(Records supplied)
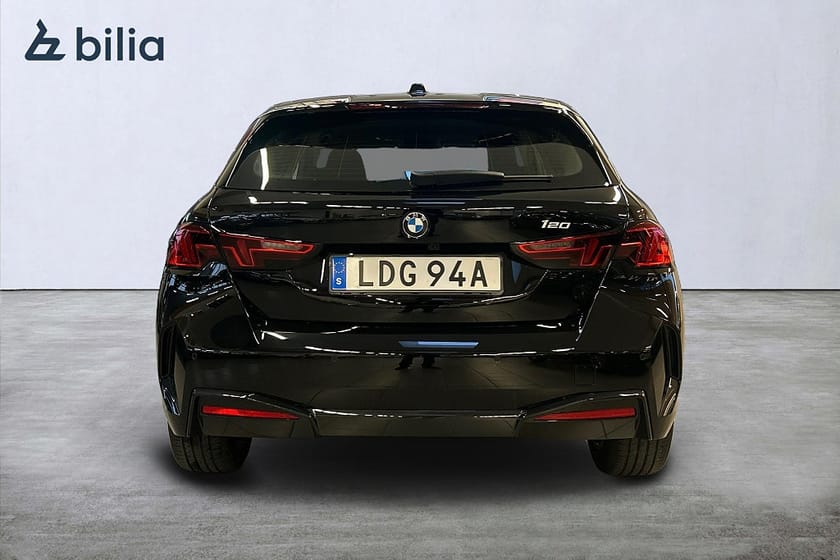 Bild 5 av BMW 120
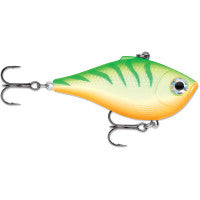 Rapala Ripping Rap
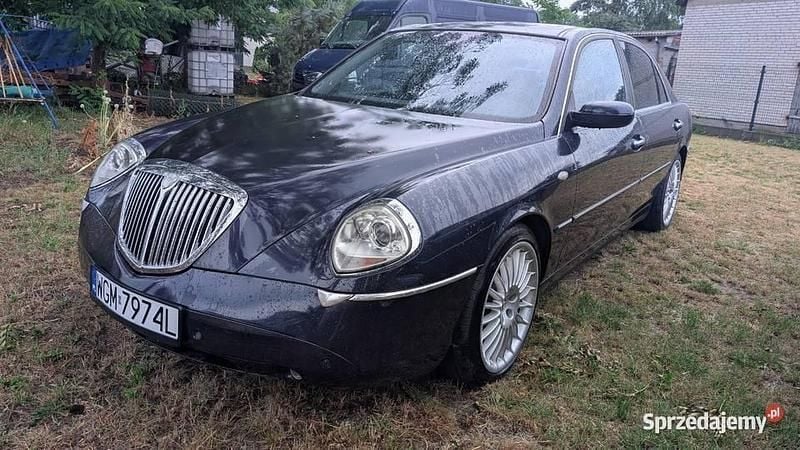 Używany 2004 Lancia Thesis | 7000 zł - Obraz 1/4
(End Records supplied)
(Records supplied)
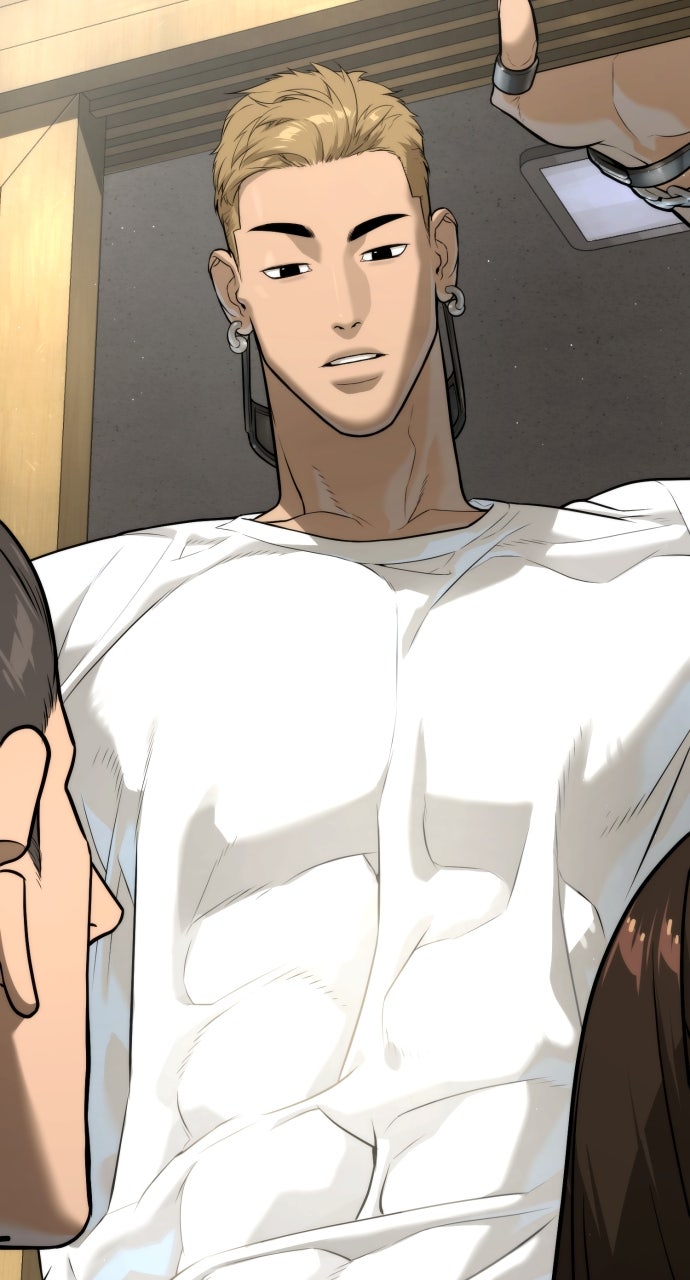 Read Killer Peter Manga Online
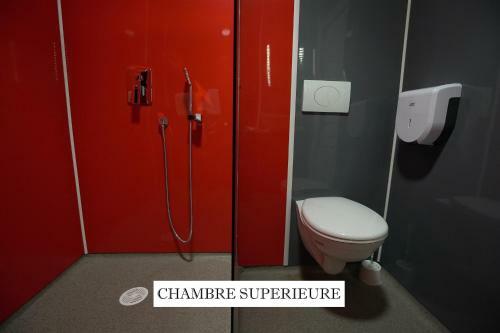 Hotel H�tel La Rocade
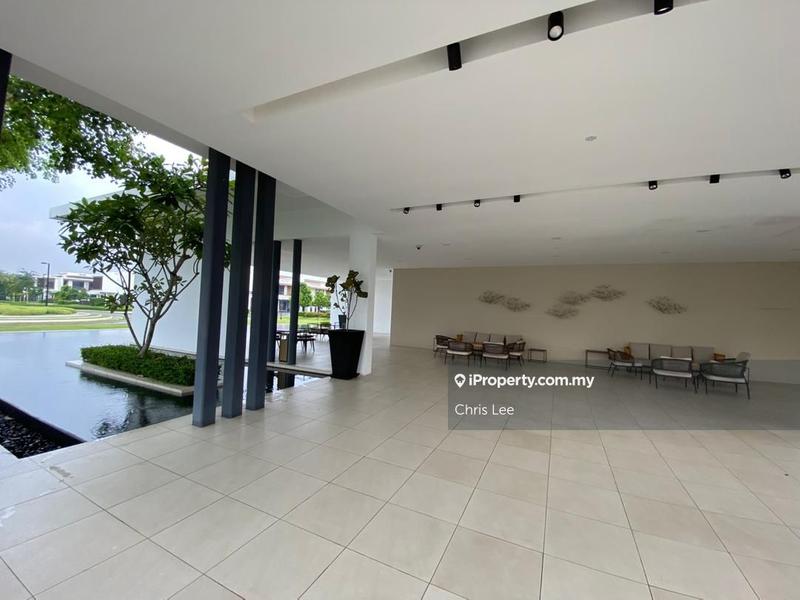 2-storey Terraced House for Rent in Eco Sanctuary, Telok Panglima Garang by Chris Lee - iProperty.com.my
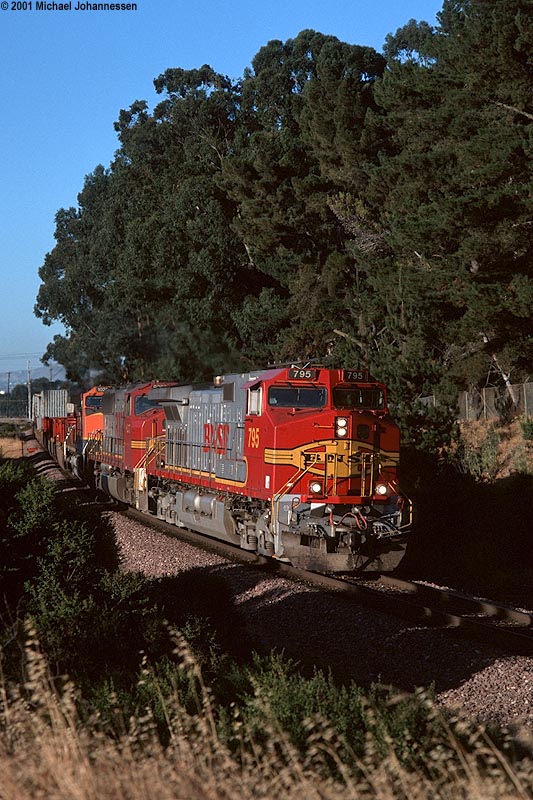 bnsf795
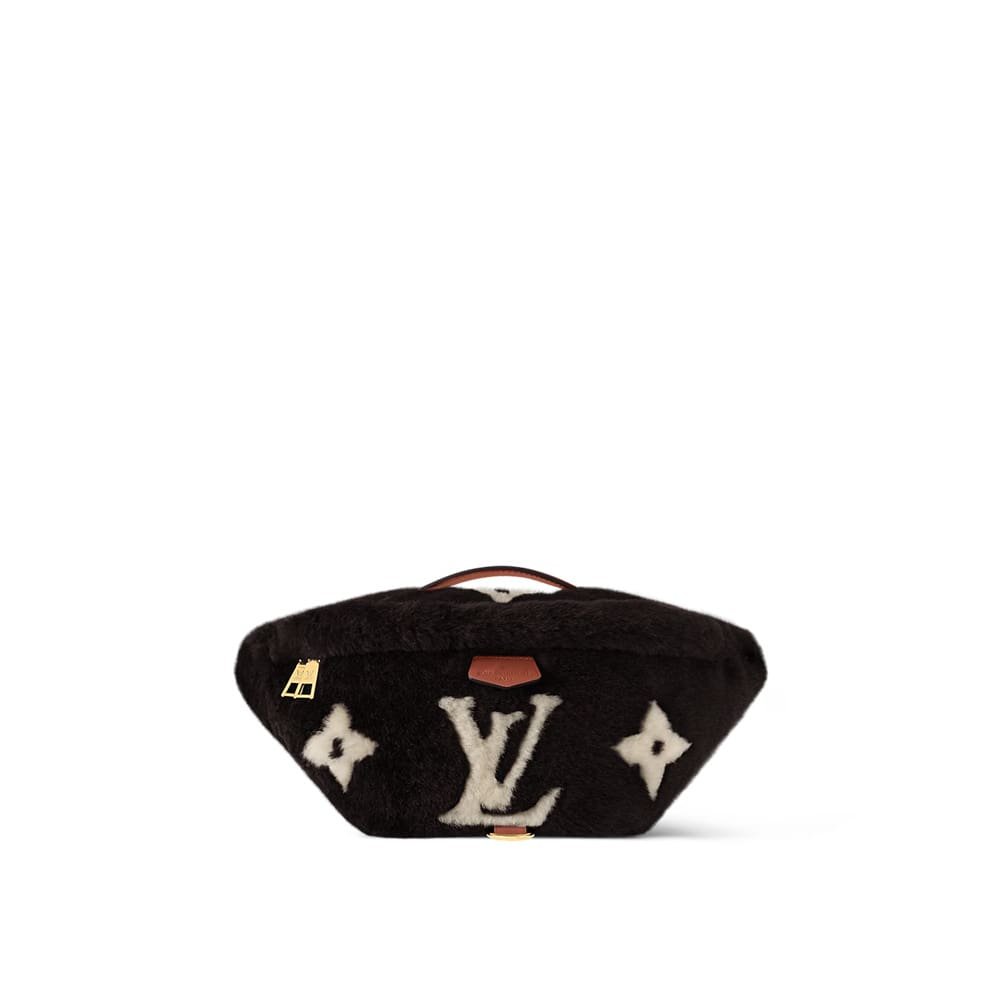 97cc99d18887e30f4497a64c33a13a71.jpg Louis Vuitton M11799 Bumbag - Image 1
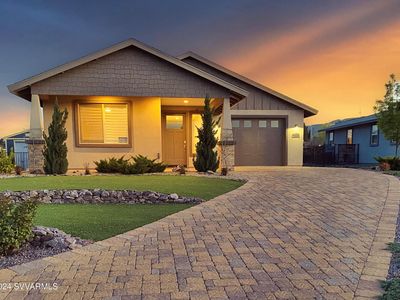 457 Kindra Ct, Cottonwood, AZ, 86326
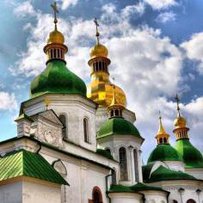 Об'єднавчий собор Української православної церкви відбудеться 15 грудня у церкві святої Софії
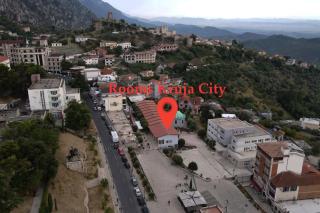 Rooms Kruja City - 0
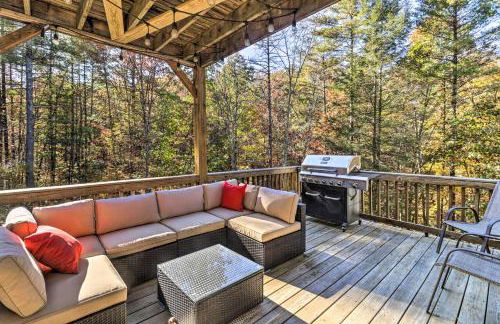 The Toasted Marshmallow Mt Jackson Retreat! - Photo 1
(End Records supplied)
(Records supplied)
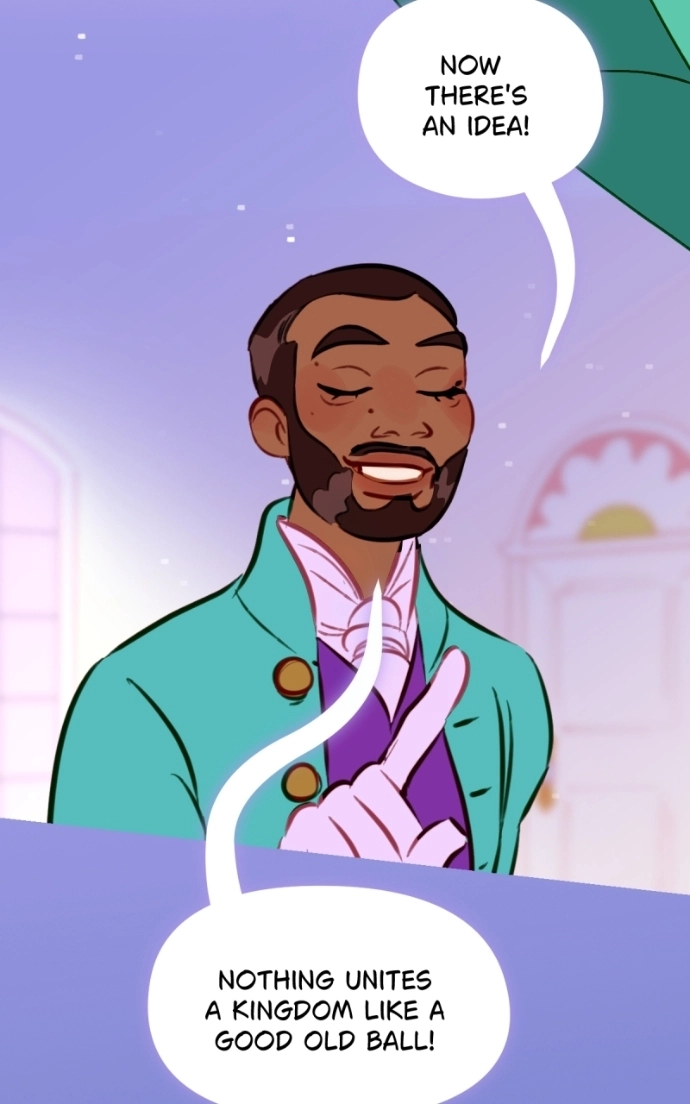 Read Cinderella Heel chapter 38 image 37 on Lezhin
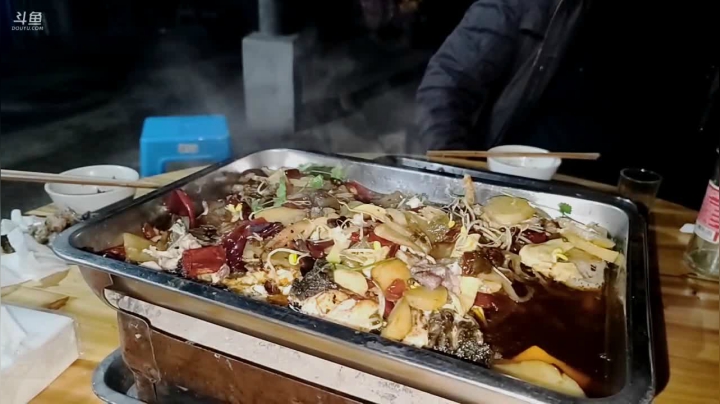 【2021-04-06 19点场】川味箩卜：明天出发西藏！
(End Records supplied)
About this exercise »
Only the lines above starting with the line with "Read Killer Peter Manga Online" and going on through the line with "The Toasted Marshmallow" belong in the answer; repeat them exactly, minus any picture.

Reply to the exercise »
 Read Killer Peter Manga Online
 Hotel H�tel La Rocade
 2-storey Terraced House for Rent in Eco Sanctuary, Telok Panglima Garang by Chris Lee - iProperty.com.my
 bnsf795
 97cc99d18887e30f4497a64c33a13a71.jpg Louis Vuitton M11799 Bumbag - Image 1
 457 Kindra Ct, Cottonwood, AZ, 86326
 Об'єднавчий собор Української православної церкви відбудеться 15 грудня у церкві святої Софії
 Rooms Kruja City - 0
 The Toasted Marshmallow Mt Jackson Retreat! - Photo 1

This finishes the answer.